INFORMATION PROVIDED Block Start

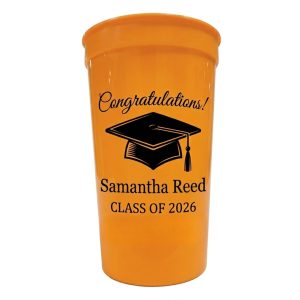 22oz Custom Stadium Cups for Graduation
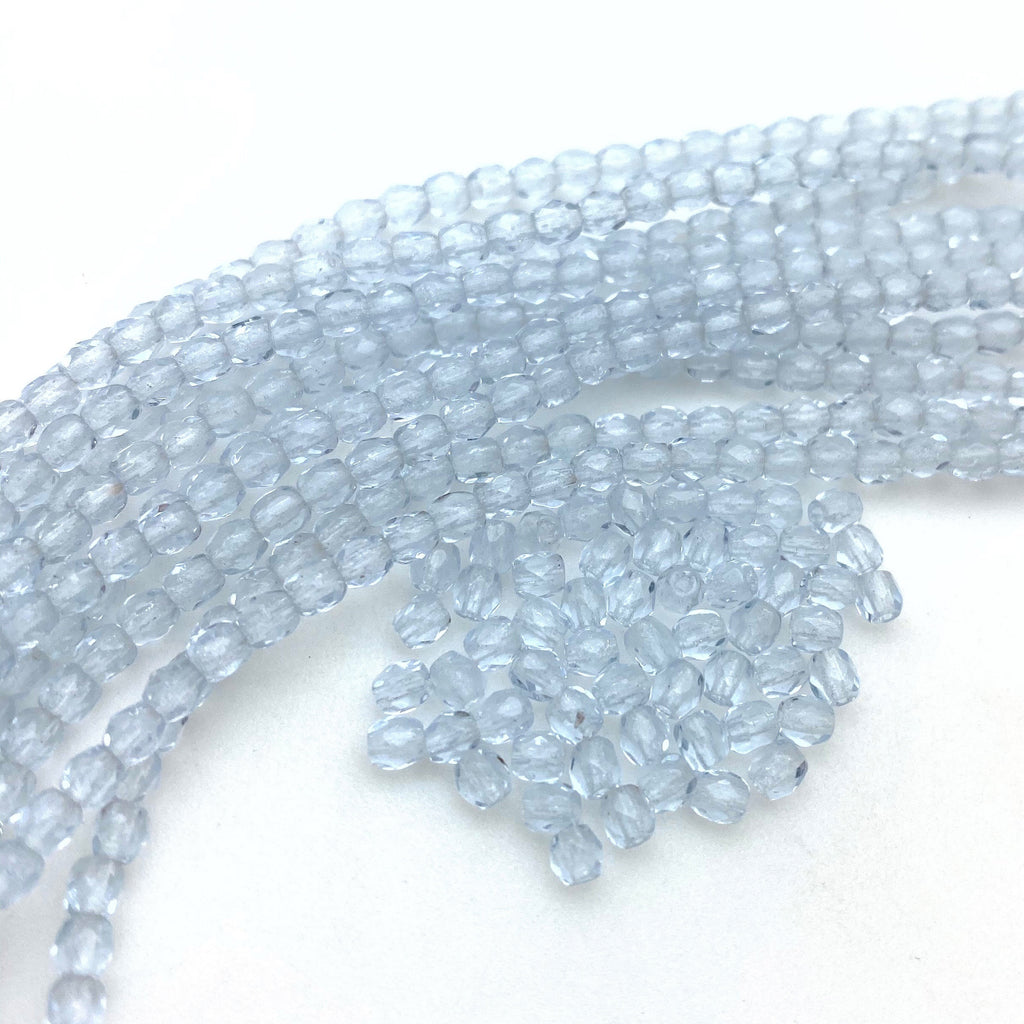 Faceted Translucent Light Patten Blue Round Czech Glass Beads (3mm) (BCG84)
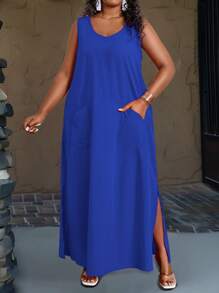 Maweii 大码女式纯色无袖休闲连衣裙长款女装 - 藍色 - 查看 3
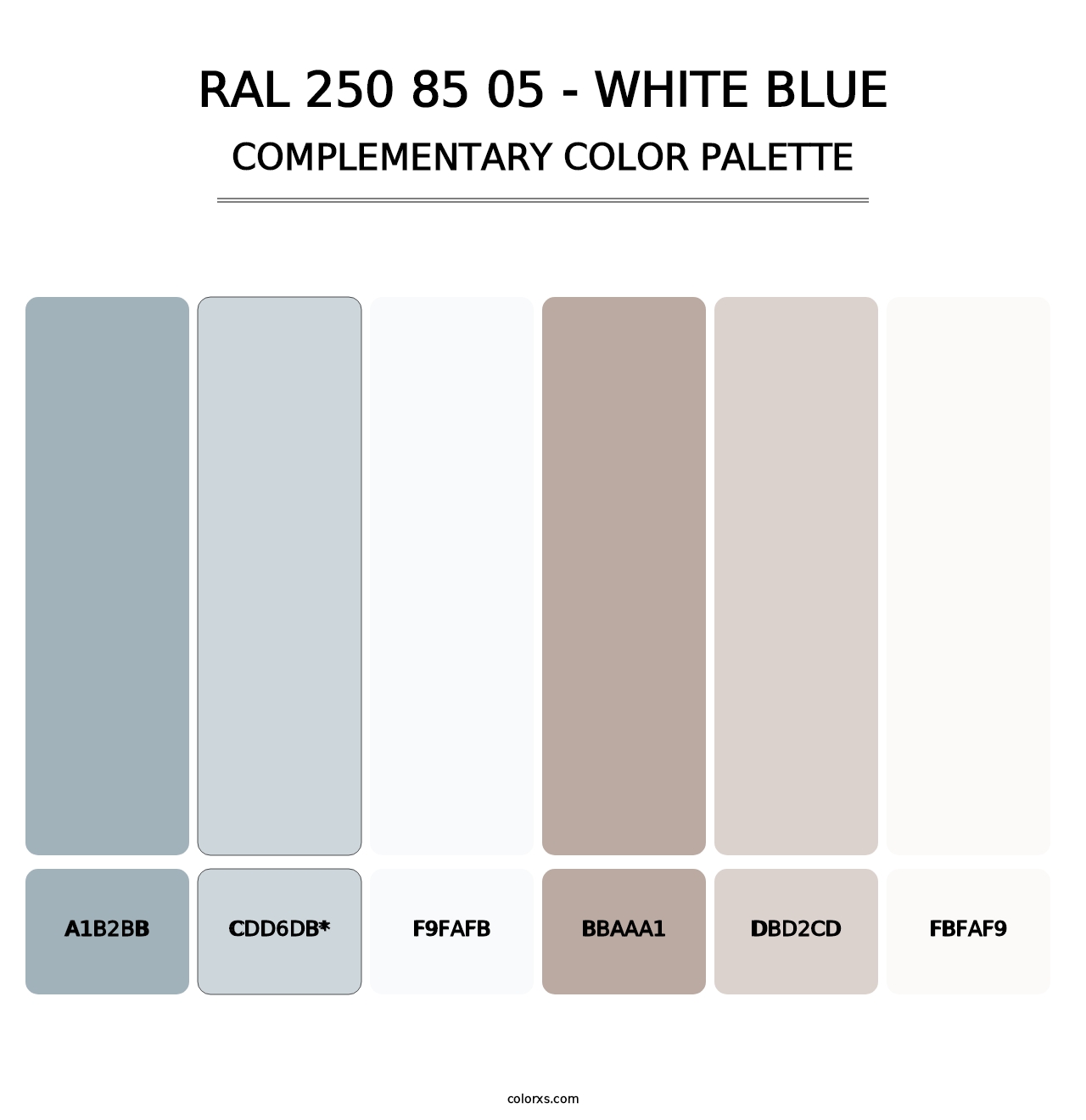 RAL 250 85 05 - White Blue - Complementary Color Palette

INFORMATION PROVIDED Block End

§ WORK ORDER:
Your answer should set down the listing verbatim and leave out its images.

§ OUTPUT FOR THIS EXERCISE:
 22oz Custom Stadium Cups for Graduation
 Faceted Translucent Light Patten Blue Round Czech Glass Beads (3mm) (BCG84)
 Maweii 大码女式纯色无袖休闲连衣裙长款女装 - 藍色 - 查看 3
 RAL 250 85 05 - White Blue - Complementary Color Palette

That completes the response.